What needs to be done:
Find "Volunteers cleaning" and "Glotripod leak this" in the records below. Copy the lines holding them and every line between, exactly, and no others.

══ Record extracts ══

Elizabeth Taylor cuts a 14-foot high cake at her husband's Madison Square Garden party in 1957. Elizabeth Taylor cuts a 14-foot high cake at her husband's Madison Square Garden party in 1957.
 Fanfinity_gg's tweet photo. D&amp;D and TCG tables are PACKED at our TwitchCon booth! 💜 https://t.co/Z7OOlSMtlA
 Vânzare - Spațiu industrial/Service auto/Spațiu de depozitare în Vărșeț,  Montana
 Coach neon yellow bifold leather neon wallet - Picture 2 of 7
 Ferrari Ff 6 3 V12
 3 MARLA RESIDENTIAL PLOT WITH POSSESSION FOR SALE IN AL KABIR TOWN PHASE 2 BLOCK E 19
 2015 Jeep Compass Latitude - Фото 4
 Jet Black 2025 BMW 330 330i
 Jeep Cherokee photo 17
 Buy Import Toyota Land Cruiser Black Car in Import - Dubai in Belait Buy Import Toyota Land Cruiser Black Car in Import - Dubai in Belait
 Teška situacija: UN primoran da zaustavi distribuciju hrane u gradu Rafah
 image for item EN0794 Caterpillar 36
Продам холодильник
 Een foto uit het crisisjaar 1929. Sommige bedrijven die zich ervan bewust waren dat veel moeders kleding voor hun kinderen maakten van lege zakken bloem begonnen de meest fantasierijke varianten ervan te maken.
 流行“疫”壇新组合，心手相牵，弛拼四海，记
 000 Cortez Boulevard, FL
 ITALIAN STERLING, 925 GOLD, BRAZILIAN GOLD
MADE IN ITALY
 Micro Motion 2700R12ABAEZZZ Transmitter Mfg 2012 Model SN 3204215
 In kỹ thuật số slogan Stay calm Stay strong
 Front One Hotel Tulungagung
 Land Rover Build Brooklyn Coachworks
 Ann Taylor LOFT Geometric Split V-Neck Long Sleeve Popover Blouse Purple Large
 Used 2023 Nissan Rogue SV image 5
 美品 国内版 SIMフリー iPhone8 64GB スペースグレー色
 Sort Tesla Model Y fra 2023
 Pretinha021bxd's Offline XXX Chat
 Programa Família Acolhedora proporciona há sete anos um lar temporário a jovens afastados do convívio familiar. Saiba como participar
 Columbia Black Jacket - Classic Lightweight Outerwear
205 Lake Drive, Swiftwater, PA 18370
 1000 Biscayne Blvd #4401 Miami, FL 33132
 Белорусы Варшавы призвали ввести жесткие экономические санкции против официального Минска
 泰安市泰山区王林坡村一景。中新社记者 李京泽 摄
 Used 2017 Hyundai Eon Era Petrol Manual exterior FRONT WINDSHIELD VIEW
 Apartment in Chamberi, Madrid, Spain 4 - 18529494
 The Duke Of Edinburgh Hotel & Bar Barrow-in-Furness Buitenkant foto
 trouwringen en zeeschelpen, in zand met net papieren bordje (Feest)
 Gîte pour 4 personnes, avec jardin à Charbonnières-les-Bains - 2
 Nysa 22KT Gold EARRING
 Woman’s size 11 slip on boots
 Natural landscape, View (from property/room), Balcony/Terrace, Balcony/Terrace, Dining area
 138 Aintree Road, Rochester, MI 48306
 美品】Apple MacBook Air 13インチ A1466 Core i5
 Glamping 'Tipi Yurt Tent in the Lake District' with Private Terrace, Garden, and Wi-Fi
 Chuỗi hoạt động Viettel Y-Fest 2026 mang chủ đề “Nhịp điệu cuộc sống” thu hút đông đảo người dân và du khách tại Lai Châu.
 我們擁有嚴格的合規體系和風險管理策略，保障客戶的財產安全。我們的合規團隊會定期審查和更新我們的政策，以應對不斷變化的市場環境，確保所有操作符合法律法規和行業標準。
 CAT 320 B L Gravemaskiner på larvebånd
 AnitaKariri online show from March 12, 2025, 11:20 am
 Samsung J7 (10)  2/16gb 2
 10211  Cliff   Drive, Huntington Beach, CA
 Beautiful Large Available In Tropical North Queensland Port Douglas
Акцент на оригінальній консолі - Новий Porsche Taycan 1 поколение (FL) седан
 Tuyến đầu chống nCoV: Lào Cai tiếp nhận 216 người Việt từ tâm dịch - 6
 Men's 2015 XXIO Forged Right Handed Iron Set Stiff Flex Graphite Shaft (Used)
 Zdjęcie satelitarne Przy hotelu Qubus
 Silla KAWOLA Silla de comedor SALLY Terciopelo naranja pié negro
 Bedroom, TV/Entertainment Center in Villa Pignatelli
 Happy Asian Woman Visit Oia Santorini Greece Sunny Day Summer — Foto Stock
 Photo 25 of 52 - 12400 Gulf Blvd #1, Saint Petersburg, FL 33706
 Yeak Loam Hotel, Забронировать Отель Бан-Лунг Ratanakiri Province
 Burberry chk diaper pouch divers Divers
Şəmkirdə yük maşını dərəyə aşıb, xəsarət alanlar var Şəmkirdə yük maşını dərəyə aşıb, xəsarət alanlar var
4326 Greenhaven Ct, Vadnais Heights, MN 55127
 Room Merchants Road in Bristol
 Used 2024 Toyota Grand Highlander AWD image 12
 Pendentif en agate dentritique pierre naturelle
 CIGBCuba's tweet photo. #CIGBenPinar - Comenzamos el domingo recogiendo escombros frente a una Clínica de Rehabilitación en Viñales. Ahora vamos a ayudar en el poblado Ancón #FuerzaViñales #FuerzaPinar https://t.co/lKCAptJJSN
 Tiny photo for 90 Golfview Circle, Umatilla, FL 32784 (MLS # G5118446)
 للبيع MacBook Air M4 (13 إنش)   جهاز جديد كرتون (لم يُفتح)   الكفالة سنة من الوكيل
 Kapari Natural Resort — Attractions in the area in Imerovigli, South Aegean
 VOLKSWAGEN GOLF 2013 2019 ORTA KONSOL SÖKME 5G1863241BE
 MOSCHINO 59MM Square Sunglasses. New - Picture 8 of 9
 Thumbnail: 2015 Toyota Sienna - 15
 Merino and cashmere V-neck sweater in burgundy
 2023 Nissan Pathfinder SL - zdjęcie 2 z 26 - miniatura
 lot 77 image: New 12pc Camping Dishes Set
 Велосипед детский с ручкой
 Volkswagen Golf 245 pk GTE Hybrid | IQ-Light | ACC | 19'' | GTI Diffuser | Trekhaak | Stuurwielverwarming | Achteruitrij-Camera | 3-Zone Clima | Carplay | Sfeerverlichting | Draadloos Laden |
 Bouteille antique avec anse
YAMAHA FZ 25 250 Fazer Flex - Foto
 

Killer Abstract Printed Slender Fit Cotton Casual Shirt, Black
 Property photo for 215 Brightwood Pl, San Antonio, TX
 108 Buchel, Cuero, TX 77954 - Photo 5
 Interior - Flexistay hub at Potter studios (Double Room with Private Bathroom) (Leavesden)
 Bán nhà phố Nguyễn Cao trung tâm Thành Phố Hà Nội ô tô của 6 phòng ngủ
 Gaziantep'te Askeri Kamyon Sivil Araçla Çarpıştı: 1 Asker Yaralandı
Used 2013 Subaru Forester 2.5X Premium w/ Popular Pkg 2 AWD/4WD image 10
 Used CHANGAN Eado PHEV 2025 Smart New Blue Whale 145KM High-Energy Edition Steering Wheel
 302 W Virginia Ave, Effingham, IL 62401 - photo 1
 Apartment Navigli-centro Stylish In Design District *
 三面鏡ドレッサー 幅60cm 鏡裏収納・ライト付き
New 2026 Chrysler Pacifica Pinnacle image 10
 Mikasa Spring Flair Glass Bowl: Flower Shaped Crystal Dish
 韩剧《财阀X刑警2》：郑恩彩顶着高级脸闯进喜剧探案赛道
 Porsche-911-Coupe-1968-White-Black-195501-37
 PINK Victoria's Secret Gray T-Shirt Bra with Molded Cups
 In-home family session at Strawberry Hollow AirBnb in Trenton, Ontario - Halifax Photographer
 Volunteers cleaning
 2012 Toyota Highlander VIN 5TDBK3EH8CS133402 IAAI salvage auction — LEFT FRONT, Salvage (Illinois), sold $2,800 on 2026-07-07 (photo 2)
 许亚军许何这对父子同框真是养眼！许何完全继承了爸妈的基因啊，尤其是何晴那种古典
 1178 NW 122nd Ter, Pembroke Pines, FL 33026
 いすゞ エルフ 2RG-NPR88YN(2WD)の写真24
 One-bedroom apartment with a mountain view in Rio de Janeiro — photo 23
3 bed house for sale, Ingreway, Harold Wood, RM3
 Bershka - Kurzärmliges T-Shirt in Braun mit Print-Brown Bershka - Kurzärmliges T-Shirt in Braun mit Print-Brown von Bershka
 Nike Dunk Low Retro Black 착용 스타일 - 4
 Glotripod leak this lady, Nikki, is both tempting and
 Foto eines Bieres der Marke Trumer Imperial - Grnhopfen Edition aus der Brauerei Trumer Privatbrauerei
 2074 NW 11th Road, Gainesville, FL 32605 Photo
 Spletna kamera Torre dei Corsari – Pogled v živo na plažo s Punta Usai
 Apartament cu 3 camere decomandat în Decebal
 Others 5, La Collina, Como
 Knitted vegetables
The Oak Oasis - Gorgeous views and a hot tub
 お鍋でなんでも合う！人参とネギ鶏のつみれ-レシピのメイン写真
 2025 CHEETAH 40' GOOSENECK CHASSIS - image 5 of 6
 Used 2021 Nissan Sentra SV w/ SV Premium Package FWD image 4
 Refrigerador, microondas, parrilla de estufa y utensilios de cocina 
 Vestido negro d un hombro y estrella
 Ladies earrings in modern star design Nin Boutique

═══

Output below:
 Volunteers cleaning
 2012 Toyota Highlander VIN 5TDBK3EH8CS133402 IAAI salvage auction — LEFT FRONT, Salvage (Illinois), sold $2,800 on 2026-07-07 (photo 2)
 许亚军许何这对父子同框真是养眼！许何完全继承了爸妈的基因啊，尤其是何晴那种古典
 1178 NW 122nd Ter, Pembroke Pines, FL 33026
 いすゞ エルフ 2RG-NPR88YN(2WD)の写真24
 One-bedroom apartment with a mountain view in Rio de Janeiro — photo 23
3 bed house for sale, Ingreway, Harold Wood, RM3
 Bershka - Kurzärmliges T-Shirt in Braun mit Print-Brown Bershka - Kurzärmliges T-Shirt in Braun mit Print-Brown von Bershka
 Nike Dunk Low Retro Black 착용 스타일 - 4
 Glotripod leak this lady, Nikki, is both tempting and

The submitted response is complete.